Como conseqüência direta, somos obrigados a conviver com o sentimento do medo. Medo de se contagiar, medo de contagiar aquele que cuidamos, medo de outros entes distantes sejam contaminados. Uma enormidade de medos nos acompanham do acordar ao adormecer, diariamente. Para lidar com toda essa situação, surgem de todas as partes conselhos pra nos reinventar, para criarmos opções de bem estar no limitado espaço de nossas casas.

Como terapeuta ocupacional que trabalha com organização de rotina com o objetivo de manter pacientes e cuidadores funcionalmente estruturados, acredito que o primeiro passo a trilhar no caminho de promover bem estar nesta época de COVID-19 seja ajudar os pacientes, familiares e cuidadores a compreender o que se passa em nosso cérebro em estado de medo constante.
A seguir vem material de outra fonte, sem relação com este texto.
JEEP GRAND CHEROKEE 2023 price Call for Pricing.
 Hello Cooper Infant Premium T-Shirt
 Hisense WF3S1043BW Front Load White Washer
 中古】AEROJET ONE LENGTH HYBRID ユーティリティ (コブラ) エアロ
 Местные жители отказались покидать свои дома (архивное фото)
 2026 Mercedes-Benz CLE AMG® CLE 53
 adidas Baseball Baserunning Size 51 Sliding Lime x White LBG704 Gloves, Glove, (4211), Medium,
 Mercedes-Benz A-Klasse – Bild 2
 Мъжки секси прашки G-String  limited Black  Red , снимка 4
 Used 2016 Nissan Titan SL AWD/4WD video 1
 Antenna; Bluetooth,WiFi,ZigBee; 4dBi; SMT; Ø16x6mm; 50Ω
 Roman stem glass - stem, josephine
Em nosso cérebro existe um ‘circuito das emoções’ que nos ajuda a codificar e interpretar os estímulos externos ligados às emoções, incluindo o medo. As estruturas participantes deste circuito, por sua vez, conectam-se a outras estruturas cerebrais, fazendo a modulação entre emoção e cognição gerando respostas adequadas a cada situação de perigo.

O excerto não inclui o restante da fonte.